この全国平均に対して、介護業界の有効求人倍率は3.15倍でした。これだけでも、介護業界がいかに人材不足の状態にあるかがわかります。しかし、この3.15倍という数字をそのまま読んでしまうと、大切な視点を見失います。それは、介護業界の有効求人倍率は、地域によって大きく異なるということです。
特に恐ろしいのは、東京都(5.40倍)と愛知県(5.30倍)です。東京都と愛知県では、1人の労働者をめぐって、5つ以上の求人があるということです。ここから、人材不足からあるべき介護が提供できていない介護事業者が多いことがわかります。以下、厚生労働省の資料(2017年8月23日)より、グラフを引用します。
介護事業者の売上は、法律で、介護サービスごとに決まっています。この財源は、介護保険料と税金です。介護事業者の利益は、この売上から、人件費と地代家賃を引いたものになります。ここに、大きな問題が隠れています。
都市部においては、まず、人件費が高いのです。そしてさらに、都市部の地代家賃が高いことも周知の事実です。そうなると、都市部における介護事業者は儲からないということになります。同じ介護事業を展開するのなら、人件費と地代家賃の安い地方のほうがよいということにもなるでしょう。
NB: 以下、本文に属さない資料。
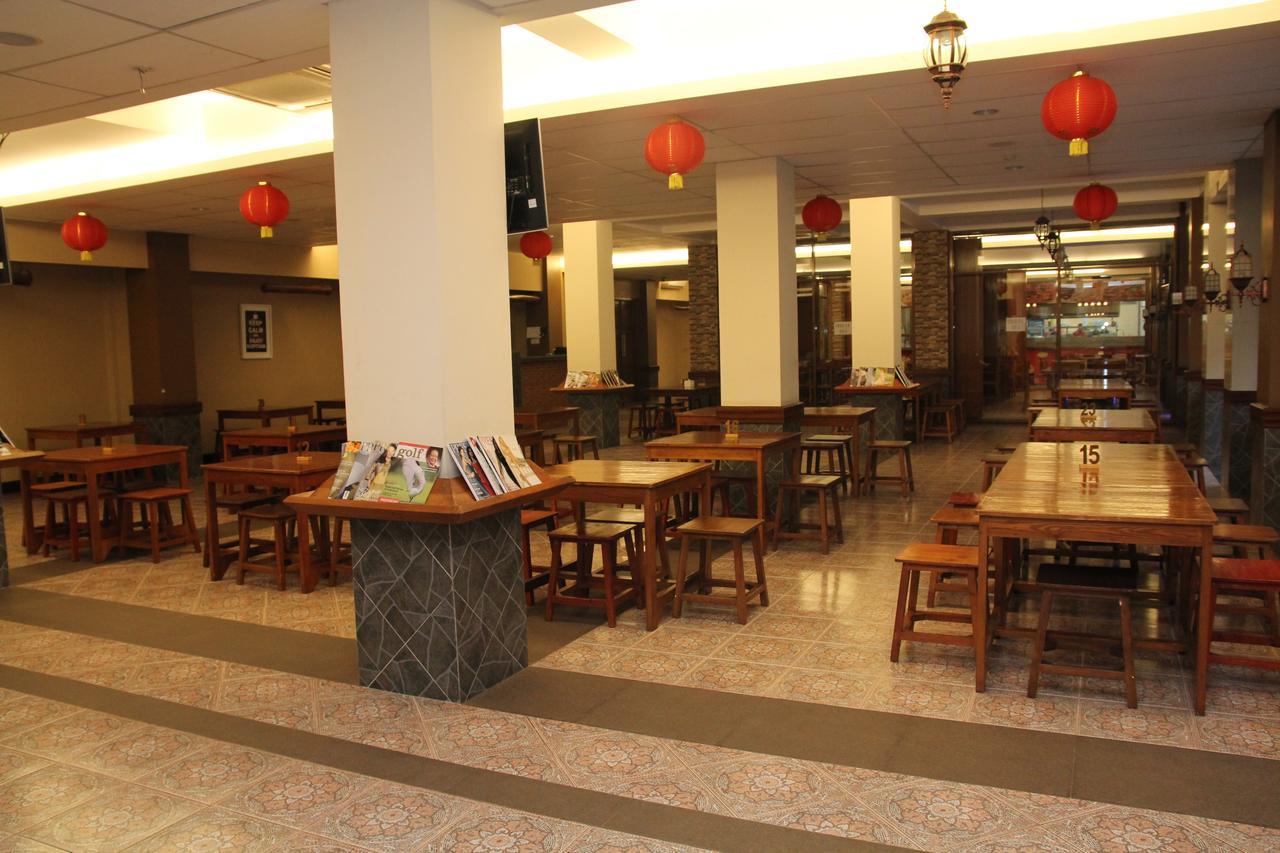 Reddoorz Plus Near Soekarno Hatta Airport 2 Tangerang Exteriér fotografie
こうした背景から、そもそも、都市部には介護施設が足りていないのです。ただでさえ足りないのに、さらに、東京都と愛知県は人材不足に陥っています。人材不足のところでは、当然、採用のためのコストが上がりますから、ますます儲からないという結果になるわけです。
都市部と地方では、介護サービスを提供するためのコスト、特に人件費と地代家賃が異なります。この違いを埋めてあげないと、介護事業者は、都市部から出ていってしまうでしょう。これにともなって、介護が必要な高齢者もまた、都市部から出て行かざるを得なくなります。
これは、考え方にょっては、都市部への人口集中が避けられるとも言えます。しかし所得税を支払う労働力にならない、介護のために支出が必要な高齢者が増えると、財政が破綻してしまいます。こうした形での人口の回復は、求められていないはずなのです。
この状態を少しでも緩和するには、介護事業者に対して、営業する地域の物価を加味した報酬(物価スライド制)を導入する必要があるかもしれません。さもないと、都市部における介護が壊滅することになってしまうからです。
たしかに、現在の介護保険法でも、地域を1級地から7級地、その他と8区分し、人件費の格差を調整しようとはしています。ただこれは、国家公務員の人件費率を根拠としており、地域間の地価の格差や物品購入における物価の格差は考慮されてはいません。
これからの都市部の介護を考えて行くためには、公務員ではなく民間の待遇と求人倍率を参照しつつ、さらに地価や物価も考慮するなど、もう一段進んだ地域間の調整が必要になってくるでしょう。